* _EXERCISE_
Transcribe the records below. Leave every line exactly as written.
═════ MATERIAL PROVIDED ═════
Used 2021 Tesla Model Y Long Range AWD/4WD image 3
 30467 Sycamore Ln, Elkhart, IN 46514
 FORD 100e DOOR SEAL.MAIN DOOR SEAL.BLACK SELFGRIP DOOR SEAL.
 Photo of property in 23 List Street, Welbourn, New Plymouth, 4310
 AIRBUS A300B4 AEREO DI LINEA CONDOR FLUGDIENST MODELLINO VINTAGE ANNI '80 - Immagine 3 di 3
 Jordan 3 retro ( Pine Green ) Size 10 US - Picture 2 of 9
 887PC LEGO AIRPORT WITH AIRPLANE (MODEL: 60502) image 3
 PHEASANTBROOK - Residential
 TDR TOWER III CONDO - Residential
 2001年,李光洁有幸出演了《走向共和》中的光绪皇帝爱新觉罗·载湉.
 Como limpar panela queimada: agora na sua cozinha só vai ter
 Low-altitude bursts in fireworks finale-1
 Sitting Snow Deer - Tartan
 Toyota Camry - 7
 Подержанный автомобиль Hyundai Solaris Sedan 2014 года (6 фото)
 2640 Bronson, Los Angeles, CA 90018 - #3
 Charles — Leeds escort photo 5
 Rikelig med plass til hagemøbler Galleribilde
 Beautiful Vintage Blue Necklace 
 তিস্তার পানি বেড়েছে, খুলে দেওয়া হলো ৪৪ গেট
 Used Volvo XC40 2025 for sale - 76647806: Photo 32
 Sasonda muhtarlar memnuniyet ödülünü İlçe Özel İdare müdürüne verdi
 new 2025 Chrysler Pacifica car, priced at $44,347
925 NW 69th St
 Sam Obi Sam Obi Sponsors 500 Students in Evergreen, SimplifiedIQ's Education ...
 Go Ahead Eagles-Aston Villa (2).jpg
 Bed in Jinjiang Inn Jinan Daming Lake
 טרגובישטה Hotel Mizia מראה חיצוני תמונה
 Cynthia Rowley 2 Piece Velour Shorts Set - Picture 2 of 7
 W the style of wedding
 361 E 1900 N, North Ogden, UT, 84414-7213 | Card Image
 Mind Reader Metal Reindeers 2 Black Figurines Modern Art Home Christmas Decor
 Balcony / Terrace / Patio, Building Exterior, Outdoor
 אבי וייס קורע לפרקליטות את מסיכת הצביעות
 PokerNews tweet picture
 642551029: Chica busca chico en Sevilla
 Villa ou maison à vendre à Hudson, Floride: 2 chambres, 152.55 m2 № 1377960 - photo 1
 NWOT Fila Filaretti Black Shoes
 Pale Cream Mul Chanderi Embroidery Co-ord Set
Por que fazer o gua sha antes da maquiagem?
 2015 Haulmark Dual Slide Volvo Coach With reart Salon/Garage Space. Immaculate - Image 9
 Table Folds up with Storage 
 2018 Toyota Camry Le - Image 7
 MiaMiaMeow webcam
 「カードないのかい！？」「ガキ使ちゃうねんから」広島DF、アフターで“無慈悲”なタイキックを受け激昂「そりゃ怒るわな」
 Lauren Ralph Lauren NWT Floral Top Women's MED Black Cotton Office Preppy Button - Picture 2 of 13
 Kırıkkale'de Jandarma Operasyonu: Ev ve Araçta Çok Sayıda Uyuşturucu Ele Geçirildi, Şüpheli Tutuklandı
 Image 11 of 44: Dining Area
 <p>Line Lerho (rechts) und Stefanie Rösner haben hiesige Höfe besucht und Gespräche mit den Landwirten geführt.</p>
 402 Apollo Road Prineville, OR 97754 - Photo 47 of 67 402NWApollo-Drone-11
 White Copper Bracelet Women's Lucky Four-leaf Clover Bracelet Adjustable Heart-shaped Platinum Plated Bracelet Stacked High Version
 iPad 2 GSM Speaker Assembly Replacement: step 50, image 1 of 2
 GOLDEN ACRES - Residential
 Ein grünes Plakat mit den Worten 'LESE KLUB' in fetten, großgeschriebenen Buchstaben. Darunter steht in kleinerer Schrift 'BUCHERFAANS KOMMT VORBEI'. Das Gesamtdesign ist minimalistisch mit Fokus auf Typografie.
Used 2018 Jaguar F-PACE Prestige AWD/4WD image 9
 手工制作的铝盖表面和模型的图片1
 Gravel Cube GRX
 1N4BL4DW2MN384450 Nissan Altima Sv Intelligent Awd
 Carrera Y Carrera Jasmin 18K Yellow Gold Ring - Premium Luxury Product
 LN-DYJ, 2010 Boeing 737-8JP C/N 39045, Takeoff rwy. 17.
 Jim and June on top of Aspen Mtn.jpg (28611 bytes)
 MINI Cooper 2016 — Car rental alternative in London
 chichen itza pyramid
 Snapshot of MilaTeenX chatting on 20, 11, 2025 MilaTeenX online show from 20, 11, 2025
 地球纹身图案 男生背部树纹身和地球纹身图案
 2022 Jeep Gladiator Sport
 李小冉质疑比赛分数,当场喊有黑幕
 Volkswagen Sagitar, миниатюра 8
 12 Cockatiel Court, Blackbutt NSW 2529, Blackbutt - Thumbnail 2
═════
* _WRITTEN SOLUTION_
Used 2021 Tesla Model Y Long Range AWD/4WD image 3
 30467 Sycamore Ln, Elkhart, IN 46514
 FORD 100e DOOR SEAL.MAIN DOOR SEAL.BLACK SELFGRIP DOOR SEAL.
 Photo of property in 23 List Street, Welbourn, New Plymouth, 4310
 AIRBUS A300B4 AEREO DI LINEA CONDOR FLUGDIENST MODELLINO VINTAGE ANNI '80 - Immagine 3 di 3
 Jordan 3 retro ( Pine Green ) Size 10 US - Picture 2 of 9
 887PC LEGO AIRPORT WITH AIRPLANE (MODEL: 60502) image 3
 PHEASANTBROOK - Residential
 TDR TOWER III CONDO - Residential
 2001年,李光洁有幸出演了《走向共和》中的光绪皇帝爱新觉罗·载湉.
 Como limpar panela queimada: agora na sua cozinha só vai ter
 Low-altitude bursts in fireworks finale-1
 Sitting Snow Deer - Tartan
 Toyota Camry - 7
 Подержанный автомобиль Hyundai Solaris Sedan 2014 года (6 фото)
 2640 Bronson, Los Angeles, CA 90018 - #3
 Charles — Leeds escort photo 5
 Rikelig med plass til hagemøbler Galleribilde
 Beautiful Vintage Blue Necklace 
 তিস্তার পানি বেড়েছে, খুলে দেওয়া হলো ৪৪ গেট
 Used Volvo XC40 2025 for sale - 76647806: Photo 32
 Sasonda muhtarlar memnuniyet ödülünü İlçe Özel İdare müdürüne verdi
 new 2025 Chrysler Pacifica car, priced at $44,347
925 NW 69th St
 Sam Obi Sam Obi Sponsors 500 Students in Evergreen, SimplifiedIQ's Education ...
 Go Ahead Eagles-Aston Villa (2).jpg
 Bed in Jinjiang Inn Jinan Daming Lake
 טרגובישטה Hotel Mizia מראה חיצוני תמונה
 Cynthia Rowley 2 Piece Velour Shorts Set - Picture 2 of 7
 W the style of wedding
 361 E 1900 N, North Ogden, UT, 84414-7213 | Card Image
 Mind Reader Metal Reindeers 2 Black Figurines Modern Art Home Christmas Decor
 Balcony / Terrace / Patio, Building Exterior, Outdoor
 אבי וייס קורע לפרקליטות את מסיכת הצביעות
 PokerNews tweet picture
 642551029: Chica busca chico en Sevilla
 Villa ou maison à vendre à Hudson, Floride: 2 chambres, 152.55 m2 № 1377960 - photo 1
 NWOT Fila Filaretti Black Shoes
 Pale Cream Mul Chanderi Embroidery Co-ord Set
Por que fazer o gua sha antes da maquiagem?
 2015 Haulmark Dual Slide Volvo Coach With reart Salon/Garage Space. Immaculate - Image 9
 Table Folds up with Storage 
 2018 Toyota Camry Le - Image 7
 MiaMiaMeow webcam
 「カードないのかい！？」「ガキ使ちゃうねんから」広島DF、アフターで“無慈悲”なタイキックを受け激昂「そりゃ怒るわな」
 Lauren Ralph Lauren NWT Floral Top Women's MED Black Cotton Office Preppy Button - Picture 2 of 13
 Kırıkkale'de Jandarma Operasyonu: Ev ve Araçta Çok Sayıda Uyuşturucu Ele Geçirildi, Şüpheli Tutuklandı
 Image 11 of 44: Dining Area
 <p>Line Lerho (rechts) und Stefanie Rösner haben hiesige Höfe besucht und Gespräche mit den Landwirten geführt.</p>
 402 Apollo Road Prineville, OR 97754 - Photo 47 of 67 402NWApollo-Drone-11
 White Copper Bracelet Women's Lucky Four-leaf Clover Bracelet Adjustable Heart-shaped Platinum Plated Bracelet Stacked High Version
 iPad 2 GSM Speaker Assembly Replacement: step 50, image 1 of 2
 GOLDEN ACRES - Residential
 Ein grünes Plakat mit den Worten 'LESE KLUB' in fetten, großgeschriebenen Buchstaben. Darunter steht in kleinerer Schrift 'BUCHERFAANS KOMMT VORBEI'. Das Gesamtdesign ist minimalistisch mit Fokus auf Typografie.
Used 2018 Jaguar F-PACE Prestige AWD/4WD image 9
 手工制作的铝盖表面和模型的图片1
 Gravel Cube GRX
 1N4BL4DW2MN384450 Nissan Altima Sv Intelligent Awd
 Carrera Y Carrera Jasmin 18K Yellow Gold Ring - Premium Luxury Product
 LN-DYJ, 2010 Boeing 737-8JP C/N 39045, Takeoff rwy. 17.
 Jim and June on top of Aspen Mtn.jpg (28611 bytes)
 MINI Cooper 2016 — Car rental alternative in London
 chichen itza pyramid
 Snapshot of MilaTeenX chatting on 20, 11, 2025 MilaTeenX online show from 20, 11, 2025
 地球纹身图案 男生背部树纹身和地球纹身图案
 2022 Jeep Gladiator Sport
 李小冉质疑比赛分数,当场喊有黑幕
 Volkswagen Sagitar, миниатюра 8
 12 Cockatiel Court, Blackbutt NSW 2529, Blackbutt - Thumbnail 2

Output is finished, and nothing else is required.